La Corte costituzionale – si legge nel comunicato diffuso dalla Corte al termine dalla camera di consiglio, che si è aperta questa mattina alle 9.30 – ha respinto le censure di incostituzionalità del decreto-legge n. 65 del 2015 in tema di perequazione delle pensioni, che ha inteso «dare attuazione ai principi enunciati nella sentenza della Corte costituzionale n. 70 del 2015». La Corte ha ritenuto che – diversamente dalle disposizioni del “Salva Italia” annullate nel 2015 con tale sentenza – la nuova e temporanea disciplina prevista dal decreto-legge n. 65 del 2015 realizzi un bilanciamento non irragionevole tra i diritti dei pensionati e le esigenze della finanza pubblica.
Il no all’incostituzionalità del decreto-legge 65 del 2015, che ha limitato la rivalutazione delle pensioni sino a 3 volte il minimo per fasce di reddito, mette una pietra tombale sulle speculazioni e le false interpretazioni che hanno agitato in questi due anni il mondo dei pensionati italiani.
A sostenerlo è la Cna Pensionati e il Patronato Epasa-Itaco che sin dal primo momento hanno con forza, scoraggiato la presentazione di ricorsi o l’utilizzo di procedure improbabili, come le lettere dirette all’Inps, per chiedere allo Stato la rivalutazione totale degli assegni pensionistici.
“La sentenza della Consulta corrisponde – chiarisce Valter Marani Direttore del Patronato Epasa–Itaco cittadini e imprese – alla valutazione che demmo subito dopo aver effettuato un serio approfondimento giuridico sul decreto, che ci ha permesso di evitare che gli assistiti accorsi ai nostri sportelli, cadessero vittime di chi speculava sul problema. Il nostro compito – conclude – è dare risposte basate sulle norme dello Stato, non illudere le persone”.

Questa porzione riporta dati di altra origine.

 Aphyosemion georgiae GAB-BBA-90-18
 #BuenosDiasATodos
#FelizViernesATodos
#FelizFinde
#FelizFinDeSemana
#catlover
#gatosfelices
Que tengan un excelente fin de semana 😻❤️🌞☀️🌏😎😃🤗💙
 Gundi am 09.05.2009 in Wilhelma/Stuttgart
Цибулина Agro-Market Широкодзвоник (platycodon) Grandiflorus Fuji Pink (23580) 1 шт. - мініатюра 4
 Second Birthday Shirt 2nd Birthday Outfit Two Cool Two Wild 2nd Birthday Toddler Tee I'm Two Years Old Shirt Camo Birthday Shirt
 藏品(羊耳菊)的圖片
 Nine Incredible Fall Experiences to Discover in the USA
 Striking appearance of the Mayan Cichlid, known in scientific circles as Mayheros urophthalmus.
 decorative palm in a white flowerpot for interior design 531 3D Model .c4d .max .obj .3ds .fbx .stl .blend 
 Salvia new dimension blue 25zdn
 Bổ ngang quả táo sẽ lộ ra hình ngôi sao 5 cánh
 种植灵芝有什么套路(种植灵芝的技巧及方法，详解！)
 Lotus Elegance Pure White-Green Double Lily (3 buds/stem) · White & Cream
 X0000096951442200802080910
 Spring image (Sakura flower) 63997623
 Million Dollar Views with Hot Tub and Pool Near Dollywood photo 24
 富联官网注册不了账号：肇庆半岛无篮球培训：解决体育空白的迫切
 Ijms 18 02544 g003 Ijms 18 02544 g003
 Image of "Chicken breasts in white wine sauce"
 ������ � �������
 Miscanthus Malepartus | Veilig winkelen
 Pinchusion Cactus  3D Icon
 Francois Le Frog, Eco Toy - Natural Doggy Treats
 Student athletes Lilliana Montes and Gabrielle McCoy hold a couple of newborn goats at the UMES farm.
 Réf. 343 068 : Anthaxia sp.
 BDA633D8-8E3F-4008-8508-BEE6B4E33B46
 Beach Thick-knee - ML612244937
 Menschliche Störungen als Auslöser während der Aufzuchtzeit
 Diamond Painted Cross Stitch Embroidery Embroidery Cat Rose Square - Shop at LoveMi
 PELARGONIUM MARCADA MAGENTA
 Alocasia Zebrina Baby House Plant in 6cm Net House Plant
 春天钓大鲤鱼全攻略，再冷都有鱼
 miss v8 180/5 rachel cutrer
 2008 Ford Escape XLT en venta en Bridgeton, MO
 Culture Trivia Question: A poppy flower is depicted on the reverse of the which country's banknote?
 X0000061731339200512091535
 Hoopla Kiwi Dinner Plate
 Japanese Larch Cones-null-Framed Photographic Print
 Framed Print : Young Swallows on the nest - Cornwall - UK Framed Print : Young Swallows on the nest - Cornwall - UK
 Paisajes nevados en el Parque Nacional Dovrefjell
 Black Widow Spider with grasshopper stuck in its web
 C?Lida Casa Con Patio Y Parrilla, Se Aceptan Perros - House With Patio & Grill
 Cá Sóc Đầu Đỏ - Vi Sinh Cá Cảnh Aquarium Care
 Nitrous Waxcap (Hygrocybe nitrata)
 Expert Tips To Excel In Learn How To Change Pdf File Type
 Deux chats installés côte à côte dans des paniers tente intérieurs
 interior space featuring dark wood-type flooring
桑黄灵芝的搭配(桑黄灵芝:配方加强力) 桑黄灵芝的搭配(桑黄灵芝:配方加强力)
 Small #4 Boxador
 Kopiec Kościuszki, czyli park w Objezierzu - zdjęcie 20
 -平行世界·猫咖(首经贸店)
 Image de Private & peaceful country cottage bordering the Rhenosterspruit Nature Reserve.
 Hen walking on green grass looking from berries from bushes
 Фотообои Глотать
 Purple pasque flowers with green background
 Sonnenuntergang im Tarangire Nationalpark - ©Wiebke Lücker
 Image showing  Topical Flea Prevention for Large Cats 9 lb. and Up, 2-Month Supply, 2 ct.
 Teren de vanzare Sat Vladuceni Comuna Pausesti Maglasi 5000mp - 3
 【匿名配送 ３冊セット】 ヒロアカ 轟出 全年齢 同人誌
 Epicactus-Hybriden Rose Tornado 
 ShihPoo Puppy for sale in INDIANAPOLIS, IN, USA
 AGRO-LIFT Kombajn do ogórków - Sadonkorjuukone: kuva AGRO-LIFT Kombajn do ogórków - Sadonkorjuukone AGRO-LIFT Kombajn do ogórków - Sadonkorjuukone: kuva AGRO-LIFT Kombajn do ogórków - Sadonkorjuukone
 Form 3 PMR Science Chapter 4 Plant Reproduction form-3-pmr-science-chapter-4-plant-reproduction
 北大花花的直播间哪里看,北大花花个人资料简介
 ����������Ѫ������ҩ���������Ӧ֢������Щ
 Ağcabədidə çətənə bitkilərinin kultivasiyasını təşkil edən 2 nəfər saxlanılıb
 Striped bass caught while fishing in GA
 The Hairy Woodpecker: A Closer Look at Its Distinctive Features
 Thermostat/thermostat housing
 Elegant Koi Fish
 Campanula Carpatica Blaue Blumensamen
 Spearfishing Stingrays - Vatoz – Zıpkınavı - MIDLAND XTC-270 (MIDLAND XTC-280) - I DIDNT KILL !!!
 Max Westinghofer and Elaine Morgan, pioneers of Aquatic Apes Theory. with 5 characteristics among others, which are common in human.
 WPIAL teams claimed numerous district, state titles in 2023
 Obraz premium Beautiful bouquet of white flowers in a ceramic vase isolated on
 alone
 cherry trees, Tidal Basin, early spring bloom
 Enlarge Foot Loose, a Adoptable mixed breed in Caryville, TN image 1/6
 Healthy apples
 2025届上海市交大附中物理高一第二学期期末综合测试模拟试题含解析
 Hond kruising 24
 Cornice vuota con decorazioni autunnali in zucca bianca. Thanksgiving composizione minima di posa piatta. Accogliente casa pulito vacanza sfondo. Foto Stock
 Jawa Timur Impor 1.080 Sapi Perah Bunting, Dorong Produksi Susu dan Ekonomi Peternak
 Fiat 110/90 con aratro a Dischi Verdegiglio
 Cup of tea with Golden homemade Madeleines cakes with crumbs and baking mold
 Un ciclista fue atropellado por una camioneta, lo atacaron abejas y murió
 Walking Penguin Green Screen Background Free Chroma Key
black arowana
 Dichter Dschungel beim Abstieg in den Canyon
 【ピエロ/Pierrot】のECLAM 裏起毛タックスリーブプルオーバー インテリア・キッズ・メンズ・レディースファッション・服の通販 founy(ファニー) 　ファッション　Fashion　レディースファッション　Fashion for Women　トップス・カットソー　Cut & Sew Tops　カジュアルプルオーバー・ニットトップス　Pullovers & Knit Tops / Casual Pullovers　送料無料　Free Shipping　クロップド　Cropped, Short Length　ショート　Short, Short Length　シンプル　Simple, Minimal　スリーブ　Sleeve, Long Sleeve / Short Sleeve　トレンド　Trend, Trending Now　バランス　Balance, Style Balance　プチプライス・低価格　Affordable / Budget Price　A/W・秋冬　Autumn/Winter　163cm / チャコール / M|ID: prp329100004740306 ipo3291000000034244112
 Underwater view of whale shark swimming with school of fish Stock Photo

Posizione, questa, ribadita da Cna Pensionati.
“Stiamo dalla parte dei pensionati italiani anche quando ci sono cose apparentemente difficili da spiegare” – commenta Maria Beatrice Tragni, segretario nazionale di Cna Pensionati. “Cavalcare l’onda o mistificare la realtà, promettendo aumenti delle pensioni è un comportamento che non ci appartiene.
CNA Pensionati ha lottato per salvaguardare i pensionati più deboli dal blocco delle rivalutazioni e abbiamo raggiunto il migliore risultato compatibile con il mantenimento degli equilibri del bilancio pubblico.”